Production Hardening - Security & Stability
This document details the production hardening measures implemented in ICN to protect against DoS attacks, resource exhaustion, and operational edge cases.
Table of Contents
Overview
ICN's production hardening focuses on three primary threat vectors:
- Network-level attacks: DoS via malicious peers exploiting QUIC/gossip protocols
- Resource exhaustion: Memory/CPU attacks via unbounded allocations or streams
- Operational failures: Edge cases like clock skew, malformed data, blocking operations
Historical claim from the Phase 7 cycle: critical and high-priority issues in that cycle were marked resolved at the time.
Critical Security Fixes
1. Unbounded Message Allocation DoS
Severity: Critical File: `icn-net/src/protocol.rs:143-167`
Vulnerability: Malicious peer could send a network message with an extremely large length prefix, causing the victim to allocate gigabytes of memory before validating content.
Fix:
// Read 4-byte length prefix
let len_u32 = u32::from_be_bytes(len_buf);
// Validate BEFORE allocation
if len_u32 == 0 {
bail!("Invalid message: zero length");
}
if len_u32 > MAX_MESSAGE_SIZE as u32 {
bail!("Message too large: {} bytes (max {})", len_u32, MAX_MESSAGE_SIZE);
}
// Safe to allocate after validation
let len = len_u32 as usize;
let mut buf = vec![0u8; len];
Additional protections:
- Prevents u32→usize overflow on 32-bit systems
- Rejects zero-length messages (invalid protocol state)

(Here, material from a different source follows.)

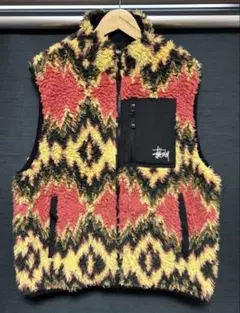 STUSSY ステューシー フリースベスト ジオメトリック柄 Lサイズのサムネイル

- Maximum message size: 10MB (
MAX_MESSAGE_SIZE)
2. Blocking Operations in Async Context
Severity: Critical File: `icn-core/src/supervisor/mod.rs`
Vulnerability: The incoming message handler used blocking_write() to acquire RwLock on shared state (GossipActor). Under high message load, this blocks Tokio worker threads, causing thread starvation and degraded performance across the entire runtime.
Fix: Replaced blocking operations with async task spawning:
// Before (blocking - BAD):
let mut gossip = gossip_handle.blocking_write();
gossip.handle_message(gossip_msg)?;
// After (async - GOOD):
tokio::spawn(async move {
let mut gossip = gossip_handle.write().await;
if let Err(e) = gossip.handle_message(gossip_msg) {
warn!("Failed to handle message: {}", e);
}
});
Impact:
- Applied to all message handlers: Gossip, Subscribe, Unsubscribe
- Prevents thread pool exhaustion under high load
- Maintains async/await best practices throughout
3. TLS Certificate Verification Disabled
Severity: Critical File: `icn-net/src/tls.rs:81-195`
Vulnerability: Custom DidCertificateVerifier accepted all certificates without validation, enabling trivial MITM attacks and peer impersonation.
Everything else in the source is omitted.